With images removed, transcribe each record exactly as it appears.

■ **Short web captions**
□ □ □

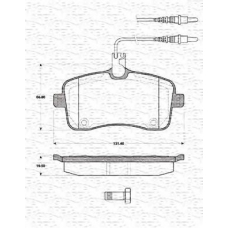 363702161414 MAGNETI MARELLI Комплект тормозных колодок, дисковый тормоз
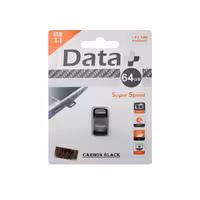فلش 64 گیگ دیتا پلاس Data  Carbon Black USB3.1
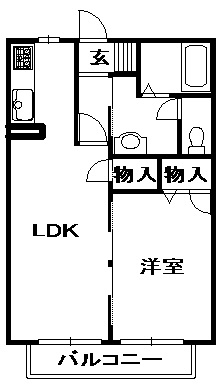【間取り】 | シャーメゾン藤原台 | 間取りです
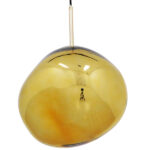GLOBOSTAR® DIXAR 01462 Μοντέρνο Κρεμαστό Φωτιστικό Οροφής με Ντουί 1 x E27 AC 220-240V IP20 - Χρυσό Φιμέ - Μ28 x Π28 x Υ40cm - Image 5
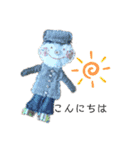 ハンドメイド人形のカワイイスタンプです！（個別スタンプ：1）
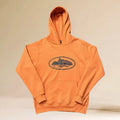 Corteiz Alcatraz Island Heavyweight Hoodie orange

□ □ □

■ **Answer section**
 363702161414 MAGNETI MARELLI Комплект тормозных колодок, дисковый тормоз
فلش 64 گیگ دیتا پلاس Data  Carbon Black USB3.1
【間取り】 | シャーメゾン藤原台 | 間取りです
GLOBOSTAR® DIXAR 01462 Μοντέρνο Κρεμαστό Φωτιστικό Οροφής με Ντουί 1 x E27 AC 220-240V IP20 - Χρυσό Φιμέ - Μ28 x Π28 x Υ40cm - Image 5
 ハンドメイド人形のカワイイスタンプです！（個別スタンプ：1）
 Corteiz Alcatraz Island Heavyweight Hoodie orange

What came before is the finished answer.